> _DATA TO PROCESS_:
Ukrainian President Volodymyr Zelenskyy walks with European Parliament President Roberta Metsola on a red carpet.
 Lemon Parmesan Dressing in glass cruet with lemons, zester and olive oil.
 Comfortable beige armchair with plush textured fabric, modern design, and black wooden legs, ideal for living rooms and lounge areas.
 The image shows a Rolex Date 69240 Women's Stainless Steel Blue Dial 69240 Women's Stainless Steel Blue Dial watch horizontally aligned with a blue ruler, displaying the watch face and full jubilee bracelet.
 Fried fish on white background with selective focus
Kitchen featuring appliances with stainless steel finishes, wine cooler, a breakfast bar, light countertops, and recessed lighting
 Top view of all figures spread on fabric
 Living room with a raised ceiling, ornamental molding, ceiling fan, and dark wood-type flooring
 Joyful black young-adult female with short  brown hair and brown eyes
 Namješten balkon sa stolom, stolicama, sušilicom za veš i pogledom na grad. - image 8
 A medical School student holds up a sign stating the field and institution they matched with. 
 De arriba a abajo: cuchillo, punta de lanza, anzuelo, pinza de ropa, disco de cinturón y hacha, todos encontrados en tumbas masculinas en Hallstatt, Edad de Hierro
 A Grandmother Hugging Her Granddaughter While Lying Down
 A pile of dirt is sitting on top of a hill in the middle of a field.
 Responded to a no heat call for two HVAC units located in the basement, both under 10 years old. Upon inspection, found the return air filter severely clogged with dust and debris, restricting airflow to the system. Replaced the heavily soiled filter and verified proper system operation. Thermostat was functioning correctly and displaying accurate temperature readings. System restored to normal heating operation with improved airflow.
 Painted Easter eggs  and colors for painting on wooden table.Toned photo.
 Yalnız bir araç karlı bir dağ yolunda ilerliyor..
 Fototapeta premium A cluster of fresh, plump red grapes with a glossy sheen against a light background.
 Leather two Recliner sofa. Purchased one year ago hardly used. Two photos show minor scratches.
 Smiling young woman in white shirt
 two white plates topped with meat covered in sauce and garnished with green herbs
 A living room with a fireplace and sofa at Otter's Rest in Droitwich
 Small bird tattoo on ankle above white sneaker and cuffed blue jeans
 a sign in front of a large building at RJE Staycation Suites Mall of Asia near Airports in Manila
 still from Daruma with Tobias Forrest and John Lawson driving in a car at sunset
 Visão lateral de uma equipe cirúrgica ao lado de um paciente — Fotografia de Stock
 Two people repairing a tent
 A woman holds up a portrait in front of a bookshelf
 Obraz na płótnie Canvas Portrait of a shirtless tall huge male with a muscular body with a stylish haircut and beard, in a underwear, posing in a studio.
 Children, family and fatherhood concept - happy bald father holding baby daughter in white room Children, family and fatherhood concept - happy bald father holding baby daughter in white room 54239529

> _WHAT THE TASK ASKS_:
The answer should hold only the lines from the start of the records above through the line containing "A medical School", each set down exactly.

> _RESPONSE TO THE TASK_:
Ukrainian President Volodymyr Zelenskyy walks with European Parliament President Roberta Metsola on a red carpet.
 Lemon Parmesan Dressing in glass cruet with lemons, zester and olive oil.
 Comfortable beige armchair with plush textured fabric, modern design, and black wooden legs, ideal for living rooms and lounge areas.
 The image shows a Rolex Date 69240 Women's Stainless Steel Blue Dial 69240 Women's Stainless Steel Blue Dial watch horizontally aligned with a blue ruler, displaying the watch face and full jubilee bracelet.
 Fried fish on white background with selective focus
Kitchen featuring appliances with stainless steel finishes, wine cooler, a breakfast bar, light countertops, and recessed lighting
 Top view of all figures spread on fabric
 Living room with a raised ceiling, ornamental molding, ceiling fan, and dark wood-type flooring
 Joyful black young-adult female with short  brown hair and brown eyes
 Namješten balkon sa stolom, stolicama, sušilicom za veš i pogledom na grad. - image 8
 A medical School student holds up a sign stating the field and institution they matched with. 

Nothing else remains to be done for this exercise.